Empirical testing has demonstrated that TPOT-RL can effectively learn multi-agent control policies with very few training instances in a complex, dynamic domain. Figure 2(a) plots cumulative goals scored by a learning soccer team playing against an otherwise equally-skilled team that passes to random destinations over the course of a single long run equivalent in time to 160 10-minute games. In this experiment, and in all the remaining ones, the learning agents start out acting randomly and with empty Q-tables. Over the course of the games, the probability of acting randomly as opposed to taking the action with the maximum Q-value decreases linearly over periods of 40 games from 1 to .5 in game 40, to .1 in game 80, to point .01 in game 120 and thereafter. As apparent from the graph, the team using TPOT-RL learns to vastly outperform the randomly passing team. During this experiment, |U| = 1, thus rendering the function e irrelevant: the only relevant state feature is the player's position on the field.
A key characteristic of TPOT-RL is the ability to learn with minimal training examples. During the run graphed in Figure 2(a), the 11 players got an average of 1490 action-reinforcement pairs over 160 games. Thus, players only get reinforcement an average of 9.3 times each game, or less than once every minute. Since each player has 8 actions from which to choose, each is only tried an average of 186.3 times over 160 games, or just over once every game. Under these training circumstances, very efficient learning is clearly needed.

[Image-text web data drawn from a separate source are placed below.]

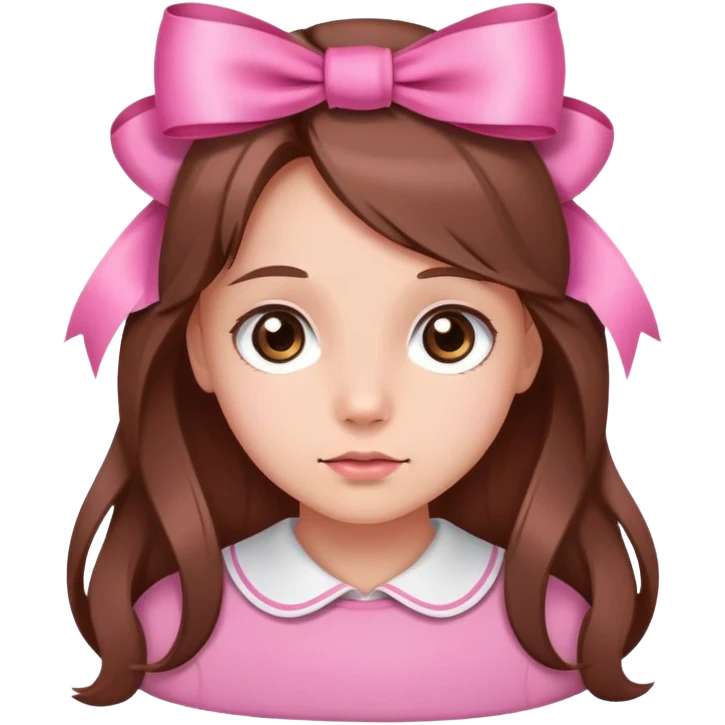 Cute pink innocent face with ribbon long brown hair and brown eyes emoji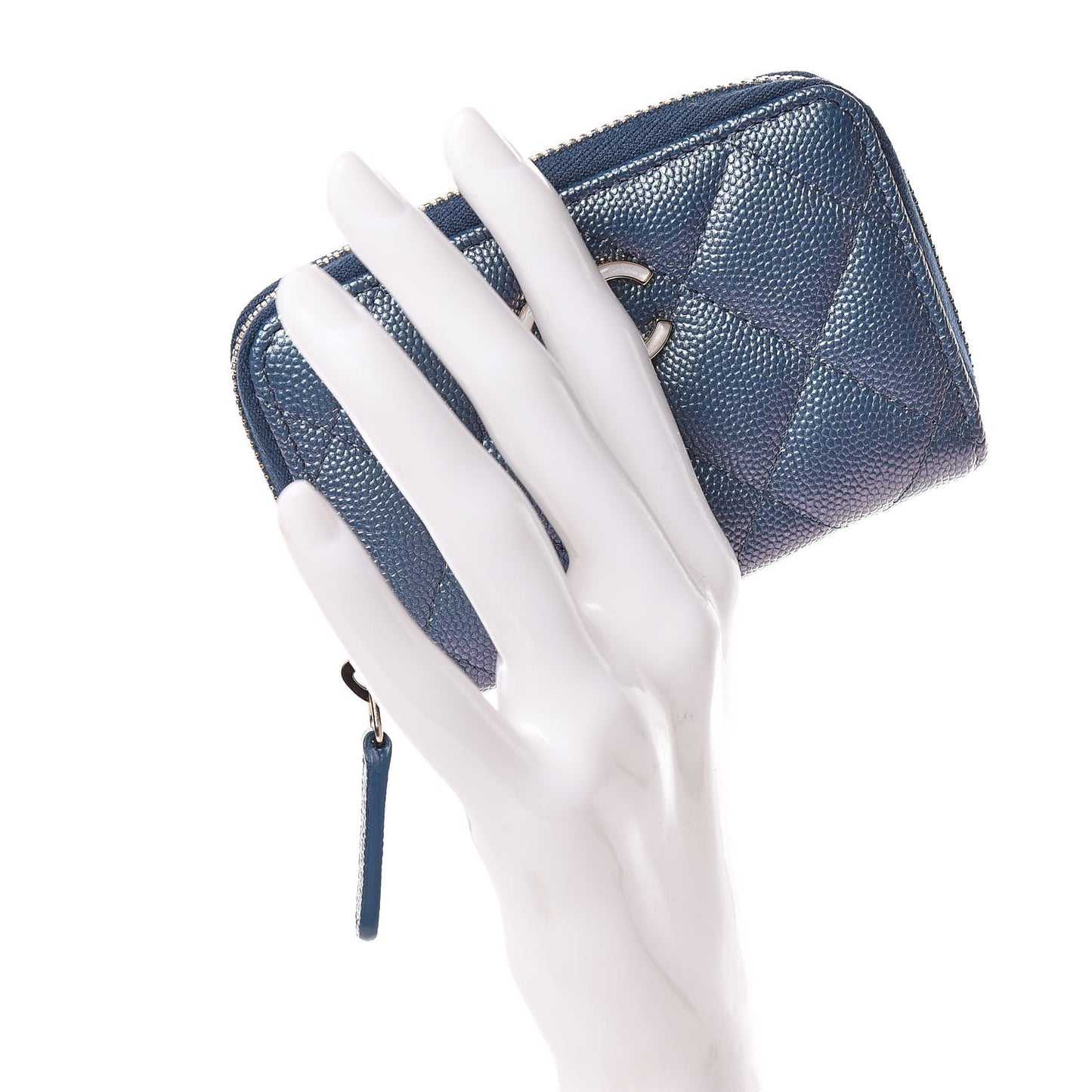 Iridescent Caviar Quilted Zip Coin Purse Blue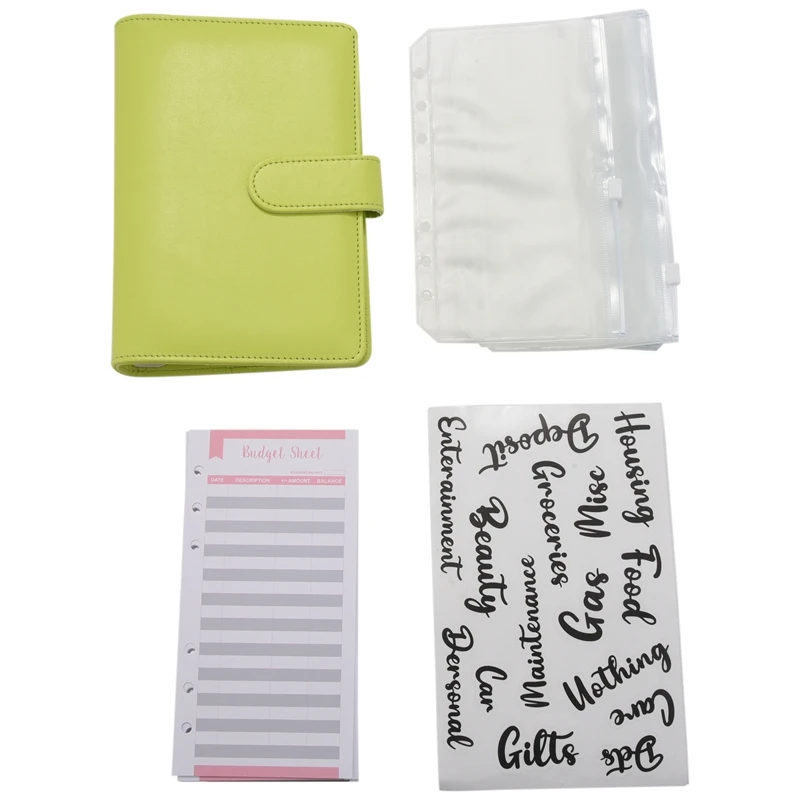 

A6 PU Leather Notebook Binder Budget Planning Notepad 6 Ring Binder Covers, 8 Binder Pockets,For Bill Planning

TPOT-RL is effective not only against random teams, but also against goal-directed, hand-coded teams. For testing purposes, we constructed an opponent team which plays with all of its players on the same side of the field, leaving the other side open as illustrated by the white team in Figure 1. The agents use a hand-coded policy which directs them to pass the ball up the side of the field to the forwards who then shoot on goal. The team periodically switches from one side of the field to the other. We call this team the ``switching team.''
Were the opponent team to always stay on the same side of the field, the learning team could always advance the ball up the other side of the field without any regard for current player positions. Thus, TPOT-RL could be run with |U| = 1, which renders e inconsequential. Indeed, we verified empirically that TPOT-RL is able to learn an effective policy against such an opponent using |U|=1.
Against the switching team, a player's best action depends on the current state. Thus a feature that discriminates among possible actions dynamically can help TPOT-RL. Figure 2(b) compares TPOT-RL with different functions e and different sets W when learning against the switching team.
Figure 2: (a) Cumulative goals scored by a learning team playing against a randomly passing team. The independent variable is the number of 10-minute game intervals that have elapsed. (b) The results after training of 5 different TPOT-RL runs against the switching team.
With |U|=1 (Figure 2(b.1)), the learning team is unable to capture different opponent states since each player has only one Q-value associated with each possible action, losing 139-127 (cumulative score over 40 games after 160 games of training). Recall that if |U|=1 the function e cannot discriminate between different classes of states: we end up with a poor state generalization.
In contrast, with the previously trained DT classifying passes as likely successes or failures (e = DT) and TPOT-RL filtering out the failures, the learning team wins 172-113 (Figure 2(b.2)). Therefore the learned pass-evaluation feature is able to usefully distinguish among possible actions and help TPOT-RL to learn a successful action policy. The DT also helps learning when W=U (Figure 2(b.3)), but when |W|=1 performance is better.
Figure 2(b.4) demonstrates the value of using an informative action-dependent feature function e. When a random function e = rand is used, TPOT-RL performs noticeably worse than when using the DT. For the random e we show |W| = 2 because it only makes sense to filter out actions when e contains useful information. Indeed, when e = rand and |W|=1, the learning team performs even worse than when |W| = 2 (it loses 167-60). The DT even helps TPOT-RL more than a hand-coded heuristic pass-evaluation function (e = heur) based on one that we successfully used on our real robot team  (Figure 2(b.5)).
Final score is the ultimate performance measure. However, we examined learning more closely in the best case experiment (e = DT, |W| = 1 -- Figure 2(b.2)). Recall that the learned feature provides no information about which actions are strategically good. TPOT-RL must learn that on its own. To test that it is indeed learning to advance the ball towards the opponent's goal (other than by final score), we calculated the number of times each action was predicted to succeed by e and the number of times it was actually selected by TPOT-RL after training. Throughout the entire team, the 3 of 8 actions towards the opponent's goal were selected 6437/9967 = 64.6% of the times that they were available after filtering. Thus TPOT-RL learns that it is, in general, better to advance the ball towards the opponent's goal.
To test that the filter was eliminating action choices based on likelihood of failure we found that 39.6% of action options were filtered out when e = DT and |W| = 1. Out of 10,400 actions, it was never the case that all 8 actions were filtered out.